Before we took Nomio to market, we spent two years in intense research and development working with design partners to make a precision tool that tackled three problems: not knowing where contracts are, not knowing what’s in them and, as a result, missing key deadlines.
When we came out of R&D, we knew we had a great product, and we knew that we could sell it. But knowing how to tell our story was only half the battle.
Instead of focusing on us, we wanted to understand the ins-and-outs of our customers’ stories - like how frustrating it was to go ‘hunting’ for contracts across shared drives, how much time was wasted typing terms from contracts into spreadsheets only to make a typo that goes unnoticed for months, or how irritating it was to figure out which party owned which obligation.
In the early days, this was the function of customer success: to sit in on sales calls with prospective customers and just listen.
As a result, when we went on to sign these customers, our customer success team had already created deep connections with them. We knew what frustrations they were experiencing in their day-to-day lives, we understood what their businesses needed, and we knew why Nomio was uniquely suited to help.
This isn’t just fluff. We knew one customer so well that we mapped out an entire org chart of departments and stakeholders during their onboarding to help them internally explain the concept of contract ownership - one of their biggest annoyances.

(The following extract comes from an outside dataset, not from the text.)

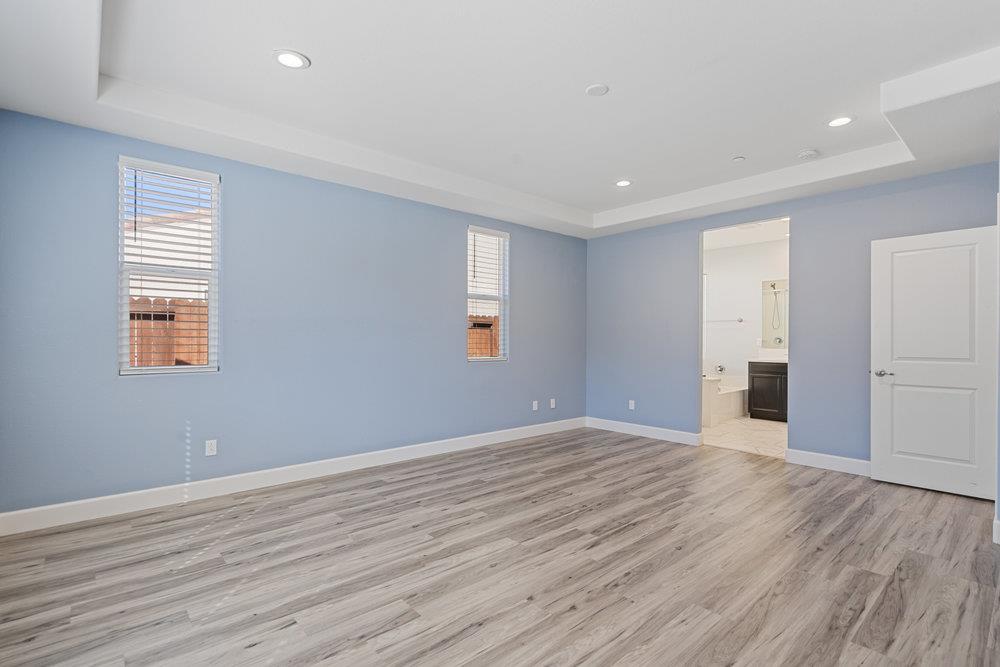 Detail Gallery Image 23 of 47 For 10 Hospital Rd, Hollister,  CA 95023 - 5 Beds | 2/1 Baths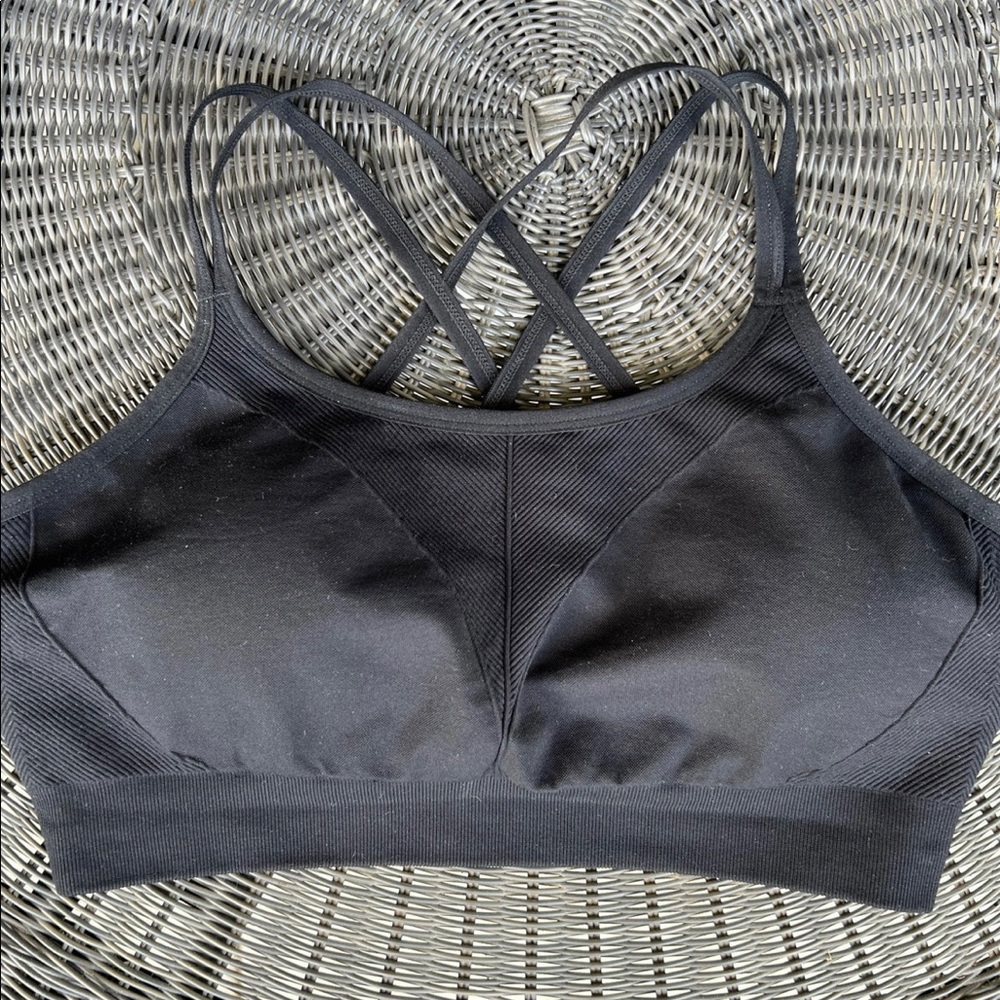 Soma Seamless Strappy Sports Bra M Black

Point being - we introduced customer success early on, not for more sales manpower, but to become experts in who our customers are. Painting a picture during the sales process of how invested we are in each customer’s individual story also helped build customer enthusiasm and momentum for the onboarding process.
We’re not selling a product that’s set in stone. We see Nomio as a living, breathing piece of software that evolves alongside our customers - meaning the distance between the people who build Nomio and the people who use it needs to be as small as possible. Implementing customer success early on helped us bridge this gap.
Our approach here was partly inspired by Rav Dhaliwal, the ultimate CS guru, who wrote about customers having a habit of using products in unanticipated ways. We realised from Day 1 that in each piece of explicit (telling us what they want) and implicit (showing us how they use the product) feedback, our customers were giving us all the information we needed on what gaps existed in our product. It was pretty much like being handed a blueprint on how to be successful.
But it’s not enough for customer success teams to parrot bottom-line feedback to the product team. To craft the right solutions, the product team needs to have access to the context surrounding the feedback - what’s the story behind this feature request, how often has the customer experienced this pain, what would their ideal solution look like?
As a company that indexes heavily on written communication and visibility, our solution was to create a shared database that logs every incremental piece of feedback our customer success team receives - whether good or bad, drastic or minor - alongside the context motivating it.
This means that at any given time, our engineers know exactly what gaps are being felt in our product, and by who. The same applies in reverse; our customer success team knows what product features are being worked on, and what gaps what they’re meant to serve.
So, by introducing customer success early on, we were able to figure out a customer —> customer success —> engineer loop that actually works. The result is total alignment between our product and customer success teams around one thing: our customers.
Customer success isn’t just one person or one department. It’s a user-centric attitude that permeates Nomio's culture. Optimising early by making customer success hires meant we were able to align ourselves around this mindset before our first customer even walked through the door.